▶ **What you need to do**
Give back the lines of the records exactly, starting at the first and ending at the one with "2016年11月海南网络编辑".

▶ **Available records**

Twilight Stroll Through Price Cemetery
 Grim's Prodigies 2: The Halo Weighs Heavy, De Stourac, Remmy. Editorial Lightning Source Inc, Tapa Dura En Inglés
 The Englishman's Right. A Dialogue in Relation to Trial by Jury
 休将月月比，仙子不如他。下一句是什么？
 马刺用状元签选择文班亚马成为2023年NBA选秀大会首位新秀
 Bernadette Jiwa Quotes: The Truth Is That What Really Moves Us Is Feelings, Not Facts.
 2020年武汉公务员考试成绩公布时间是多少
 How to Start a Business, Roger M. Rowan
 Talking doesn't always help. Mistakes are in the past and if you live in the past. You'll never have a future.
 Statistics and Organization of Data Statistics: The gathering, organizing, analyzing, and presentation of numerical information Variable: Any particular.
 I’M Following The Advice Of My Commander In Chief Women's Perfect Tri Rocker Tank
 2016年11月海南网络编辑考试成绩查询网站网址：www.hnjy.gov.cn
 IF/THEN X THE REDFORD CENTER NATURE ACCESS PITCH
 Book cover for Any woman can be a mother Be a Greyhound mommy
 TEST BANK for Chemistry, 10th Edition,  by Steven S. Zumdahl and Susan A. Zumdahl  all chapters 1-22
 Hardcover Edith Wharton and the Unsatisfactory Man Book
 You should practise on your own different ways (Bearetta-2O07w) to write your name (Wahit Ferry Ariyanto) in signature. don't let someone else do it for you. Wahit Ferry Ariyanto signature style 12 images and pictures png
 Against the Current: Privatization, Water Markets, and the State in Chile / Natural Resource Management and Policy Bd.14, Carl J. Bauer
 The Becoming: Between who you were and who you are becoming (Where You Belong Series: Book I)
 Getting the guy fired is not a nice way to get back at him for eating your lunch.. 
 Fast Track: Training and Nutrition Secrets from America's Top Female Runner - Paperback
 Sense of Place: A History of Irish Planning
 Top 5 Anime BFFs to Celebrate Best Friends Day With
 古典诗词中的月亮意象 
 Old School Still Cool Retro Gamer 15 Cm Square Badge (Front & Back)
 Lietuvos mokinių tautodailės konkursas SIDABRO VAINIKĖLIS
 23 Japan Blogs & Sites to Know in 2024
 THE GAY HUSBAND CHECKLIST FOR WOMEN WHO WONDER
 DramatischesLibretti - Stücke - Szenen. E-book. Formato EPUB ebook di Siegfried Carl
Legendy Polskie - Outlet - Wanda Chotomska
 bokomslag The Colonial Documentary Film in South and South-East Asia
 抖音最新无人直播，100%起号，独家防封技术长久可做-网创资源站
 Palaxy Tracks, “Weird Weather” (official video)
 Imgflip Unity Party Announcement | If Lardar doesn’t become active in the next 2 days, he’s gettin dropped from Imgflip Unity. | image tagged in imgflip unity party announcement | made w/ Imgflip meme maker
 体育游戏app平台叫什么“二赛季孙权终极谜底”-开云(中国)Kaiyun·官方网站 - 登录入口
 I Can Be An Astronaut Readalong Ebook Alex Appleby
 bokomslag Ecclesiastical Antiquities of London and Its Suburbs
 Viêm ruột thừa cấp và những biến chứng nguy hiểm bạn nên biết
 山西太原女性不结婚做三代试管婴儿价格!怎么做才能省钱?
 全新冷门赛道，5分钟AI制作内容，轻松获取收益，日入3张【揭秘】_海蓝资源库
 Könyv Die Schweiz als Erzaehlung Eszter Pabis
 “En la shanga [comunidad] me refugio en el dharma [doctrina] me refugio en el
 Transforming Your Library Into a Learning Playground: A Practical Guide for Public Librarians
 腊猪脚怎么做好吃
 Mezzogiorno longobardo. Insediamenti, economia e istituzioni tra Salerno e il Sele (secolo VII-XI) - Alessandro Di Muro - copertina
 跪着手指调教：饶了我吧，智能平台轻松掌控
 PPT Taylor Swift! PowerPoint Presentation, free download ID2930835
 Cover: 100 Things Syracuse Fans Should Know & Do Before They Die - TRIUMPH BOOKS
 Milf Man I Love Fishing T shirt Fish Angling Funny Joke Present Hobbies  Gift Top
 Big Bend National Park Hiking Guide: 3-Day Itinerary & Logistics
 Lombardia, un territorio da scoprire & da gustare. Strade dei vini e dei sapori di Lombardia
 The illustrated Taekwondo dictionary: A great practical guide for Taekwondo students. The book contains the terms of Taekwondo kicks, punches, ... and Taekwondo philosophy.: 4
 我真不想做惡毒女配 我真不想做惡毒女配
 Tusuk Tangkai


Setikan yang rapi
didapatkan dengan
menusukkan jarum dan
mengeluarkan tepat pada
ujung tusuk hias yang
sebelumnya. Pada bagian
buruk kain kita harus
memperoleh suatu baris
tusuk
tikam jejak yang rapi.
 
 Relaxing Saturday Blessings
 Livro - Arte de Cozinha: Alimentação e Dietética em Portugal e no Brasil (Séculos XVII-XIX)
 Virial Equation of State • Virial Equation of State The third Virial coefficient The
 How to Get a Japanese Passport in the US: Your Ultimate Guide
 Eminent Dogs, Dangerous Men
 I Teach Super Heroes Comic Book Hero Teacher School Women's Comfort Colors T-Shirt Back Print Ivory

▶ **Written reply**
Twilight Stroll Through Price Cemetery
 Grim's Prodigies 2: The Halo Weighs Heavy, De Stourac, Remmy. Editorial Lightning Source Inc, Tapa Dura En Inglés
 The Englishman's Right. A Dialogue in Relation to Trial by Jury
 休将月月比，仙子不如他。下一句是什么？
 马刺用状元签选择文班亚马成为2023年NBA选秀大会首位新秀
 Bernadette Jiwa Quotes: The Truth Is That What Really Moves Us Is Feelings, Not Facts.
 2020年武汉公务员考试成绩公布时间是多少
 How to Start a Business, Roger M. Rowan
 Talking doesn't always help. Mistakes are in the past and if you live in the past. You'll never have a future.
 Statistics and Organization of Data Statistics: The gathering, organizing, analyzing, and presentation of numerical information Variable: Any particular.
 I’M Following The Advice Of My Commander In Chief Women's Perfect Tri Rocker Tank
 2016年11月海南网络编辑考试成绩查询网站网址：www.hnjy.gov.cn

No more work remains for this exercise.